Few people know that during the Genocide years in Western Armenia, Armenians not only Turkified and Kurdified but also Arabized in order to escape massacres and deportation. Why and how did Armenians in Western Armenia become Arabized, to what extent is their Armenian and Christian self-consciousness preserved or forgotten, and what are their relations with Turkified and Kurdified Armenians?

While both scholarly and literary sources on the Arabized Armenians are still lacking, research has been conducted on the current generation of Arabized Armenians in 1915 and after to uncover some interesting facts about the history of the Armenians who were Islamized in Western Armenia and those who survived afterwards, which are hitherto unknown. 

 Speaking about the Arabization of Armenians, we can distinguish two main ways in which thousands of Armenians were Arabized: First, Armenian orphans who were taken under the protection and individually adopted by local Arab families in 1915, grew up in these families as Muslim Arabs and became part of the local Arab population.

Second, in 1915 and before, Armenians had close relations with Arabs, and during the Genocide, these Armenians managed to save their lives and not be expelled from their lands by joining Arab tribes and identifying themselves as Muslims.

Arabic-speaking Armenians live mainly in the villages of Khut, Motkan, Khablcoz-Hazzo and Psank in the eastern and southeastern regions of Western Armenia.
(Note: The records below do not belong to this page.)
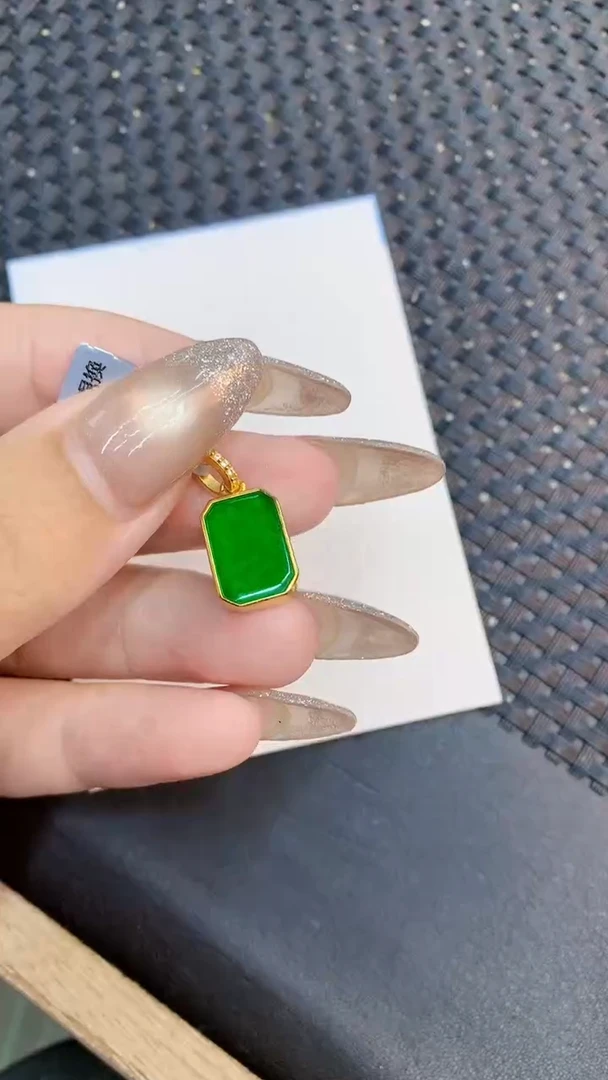 颈饰未镶嵌翡翠1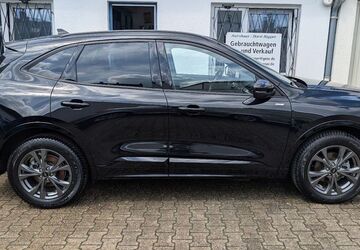 Ford Kuga 8.837 km 26.000 &euro; Düsseldorf 40472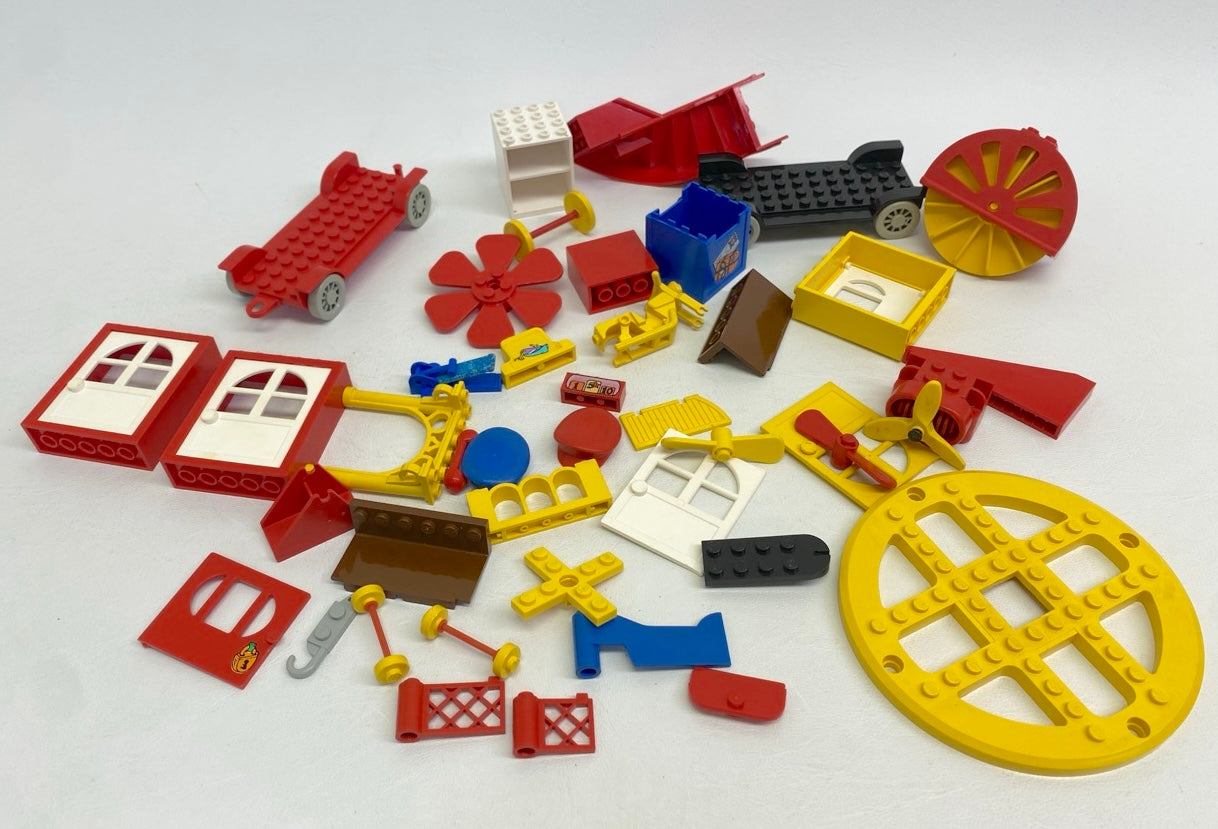 LEGO Vintage Mixed Fun Pack Fabuland / Basic / Freestyle Doors Windows Furniture and More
Whereas, for example, in the northern and western regions of Sasoun, Kurdish is spoken entirely.

In order to uncover the “secret” of the Arabic-speaking Armenians in Sasun, it is very important to get acquainted with some details of the post-genocide history of the Sasun district, because it is not only about Armenians, but also about the “Arabization” of the entire district.

In other words, how did the Kurdish and Armenian speaking people of Sasun suddenly start speaking Arabic?

Yes, hundreds of Armenian orphans were taken in by Arab or Arabic-speaking Kurdish tribes during the Genocide, but the conversion of the Armenians of Sasun, including their “Arabization”, did not end with the 1915 period, and this is only the first stage. 

It is a process interconnected by a series of successive events that began with the Abdul Hamid massacres in Sasun in 1894-1986, continued with the Armenian Genocide and the 1938 deportation, and reached its logical conclusion with the urbanization process that began against Armenians after the 1950s.

First of all, we should note that the events of the late 19th and early 20th centuries began to clearly separate the two Muslim ethnic elements in Sassoun, the Kurds and the Arabs. That is, the Arabs of Sassoun, about whom we hear very little in historiography, did not just arrive in Sassoun, but they started to “appear”.

At first, unlike the Kurds, who settled in Armenian villages and often clashed with the Armenians of Sasun, the Arabs’ villages were usually separate from the Armenian ones. The fact that the economic power of the district and the collection of taxes were in the hands of Kurdish aghas contributed to the fact that Armenian-Kurdish and Armenian-Arab relations were not at all the same.

Thus, the slightly different attitude of the Arabs during the genocide against Armenians contributed to the sheltering of many Armenian orphans, but also to the clear separation of Kurds and Arabs. Moreover, after the mass exodus of Armenians, the characteristics of the two Muslim groups were inevitably emphasized more sharply. After all, whereas before there were only Muslims and non-Muslims in Sasoun, now there is a Muslim majority made up of two very dissimilar groups.

The 1938 expulsion, which stripped the Kurds of all their economic advantages, was a key stage in the “Arabization” of Sasoun. 

It is true that many exiled tribes returned with amnesty, but nothing was the same anymore. It is true that the Sasun revolt of 1925-37 had a more communal character and was joined by Arabs and Armenians, but the Kurdish aghas, who had previously owned more land, lost it and were subjected to paying taxes on equal terms. They therefore had more to lose and were more persecuted. This led to a situation where, after the Armenian Genocide and the deportation of 1938, the “most favorable” and intermediate identity in Sasun was Arab.

Today in Sasoun, Arabic is spoken not only by local Arabs and “Arabized” Armenians, but also by the Kurdish tribes who passed through the exile in 1938.